On peut donc se demander dans quelle mesure la promotion a contrario (par la provocation) d’une politique d’ordre moral ne constitue pas un élément d’une stratégie de création d’une extrême-droite occidentale chargée – selon la recette « Nuit des Longs Couteaux » – de discipliner/neutraliser la contestation d’une classe moyenne tentée par le socialisme national, tout comme le petit-bourgeois allemand précarisé des années 1920 se reconnaissait dans le radicalisme social d’un Röhm, en qui il devait plus tard découvrir un infâme conspirateur pédéraste. A la périphérie, en revanche, le rôle à long terme de l’extrême-droite LGBT ressemble plus à celui des extrême-droites ethnicistes dont l’Empire facilite parallèlement l’apparition dans ces mêmes pays : un rôle de diviseur et de repoussoir, fondant a contrario la légitimité et la stabilité de régimes compradores plus ou moins autoritaires politiquement, mais économiquement libéraux et sans appétences impériales (à la Pinochet ou Franco 2ndepériode).

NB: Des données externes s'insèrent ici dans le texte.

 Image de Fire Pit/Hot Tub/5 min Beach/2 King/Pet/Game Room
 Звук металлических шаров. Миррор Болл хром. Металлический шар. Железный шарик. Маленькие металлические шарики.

Quoi qu’il en soit, le présupposé que ces analyses confirment par-delà les questions laissées ouvertes, et quelque soit la réponse que risque de leur apporter l’histoire, c’est que, des deux côtés de l’Europe, l’activisme LGBT ne sert pas les intérêts bien compris de la « population homosexuelle », et tend même à les desservir – ce qui, au fond, n’a rien de surprenant, pour peu qu’on consente à se souvenir que les structures chargées de l’exercice de cet activisme ne sont en rien représentatives de ladite population, ni d’ailleurs mandatées – sous quelque forme que ce soit – par cette dernière.